Well, we like to look at Java and hold our noses, but really, Java has
a rubbish type system, regardless of it being static. Now if you were
looking at some Haskell code, you'd see some highly polymorphic stuff
going on thanks to typeclasses. And in the dynamic functional language
corner you'd recognise good Smalltalk practice in Clojure's Protocols.
(They like to say that protocols solve the Expression Problem, but
really, it's multimethods that do that, not protocols.)

If you'd like to see Clojure's protocols in action, this is a nice
demonstration: http://news.ycombinator.com/item?id=3515862

The thing to bear in mind here is that (a) protocols won't surprise
you; they're "this thing responds to this set of messages" just as
you'd expect and (b) they do not pollute the global namespace: you can
add a method to some object _in a scoped manner_.

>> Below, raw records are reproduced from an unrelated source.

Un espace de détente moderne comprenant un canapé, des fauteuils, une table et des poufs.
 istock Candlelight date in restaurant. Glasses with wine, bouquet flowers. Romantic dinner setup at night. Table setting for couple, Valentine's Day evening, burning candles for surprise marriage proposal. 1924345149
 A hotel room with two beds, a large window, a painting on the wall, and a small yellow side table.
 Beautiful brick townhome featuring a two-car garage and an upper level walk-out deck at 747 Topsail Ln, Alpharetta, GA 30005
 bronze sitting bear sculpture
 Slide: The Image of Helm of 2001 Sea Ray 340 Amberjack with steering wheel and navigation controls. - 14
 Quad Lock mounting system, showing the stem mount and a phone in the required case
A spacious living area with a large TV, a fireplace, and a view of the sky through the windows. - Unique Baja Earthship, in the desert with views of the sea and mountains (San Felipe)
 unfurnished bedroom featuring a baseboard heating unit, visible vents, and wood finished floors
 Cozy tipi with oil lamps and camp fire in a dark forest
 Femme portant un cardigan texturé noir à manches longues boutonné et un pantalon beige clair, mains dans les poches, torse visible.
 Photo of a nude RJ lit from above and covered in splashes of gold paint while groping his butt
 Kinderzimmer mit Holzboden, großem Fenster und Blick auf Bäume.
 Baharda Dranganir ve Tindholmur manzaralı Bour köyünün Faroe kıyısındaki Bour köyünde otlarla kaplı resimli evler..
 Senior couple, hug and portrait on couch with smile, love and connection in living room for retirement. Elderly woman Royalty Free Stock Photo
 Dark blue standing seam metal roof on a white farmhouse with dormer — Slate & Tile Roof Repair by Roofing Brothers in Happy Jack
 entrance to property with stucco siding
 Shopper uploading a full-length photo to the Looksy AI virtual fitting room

> SIDENOTE: A really cool example of how powerful object composition is:
> PetitParser by Lukas. For years we have been creating parsers by generating
> code from specifications and suddenly Lukas decides that hey, why not
> instead *compose* a parser from ...objects? It is so obvious in retrospect,
> but the result is a tremendously nicer and more powerful way of constructing
> parsers.

But you realise the irony here, right? That if you google "parser
combinator" you hit all those "non-OO" languages like Haskell (and
then the new kids like Scala and F#). (Yes, yes, 3rd hit's Gilad's
talk. Not surprising.) But then, that in itself isn't terribly
surprising, because not many people get at a deep level that objects
are nothing more than higher order functions that close over

I have a long-running argument with a colleague who says (among other
reasons) that he thinks Smalltalk is rubbish because class-based
systems are rubbish (because of all the issues around inheritance).
But, of course, while we happen to use classes all the time, we don't
HAVE to. And, indeed, there are several prototype-based Smalltalk
libraries. Because, at its core, Smalltalk isn't about classes, it's
about objects sending messages to each other.

> You also conclude that while you *can* reuse behaviors and compose behaviors
> using inheritance you are also aware that inheritance creates a life cycle
> *dependency* between classes that you *may* or *may not* want to have. Class
> inheritance is a brittle relation. Thus, even if class A *can* inherit from
> B, you might decide not to - because you anticipate that the development
> lineage will diverge, or perhaps you have no control over A (library? other
> developer? bad code?), and you do not want that dependency. But the up side
> is that sometimes you *really* want that dependency, change superclass and
> bam - affect all subclasses.

Indeed: you should probably only use inheritance if you _have to_.
Exactly because it couples every class in an hierarchy together, and
you can no longer understand a method without understanding how that
method overrides/replaces/is overridden/is replaced in the tree.

> Another obvious benefit of inheritance is of course "documentation
> structure" that you and other developers can understand.

I'm sure we can do much better though. I'm thinking here of "this is a
Stream because it understands <set of standard Stream messages>".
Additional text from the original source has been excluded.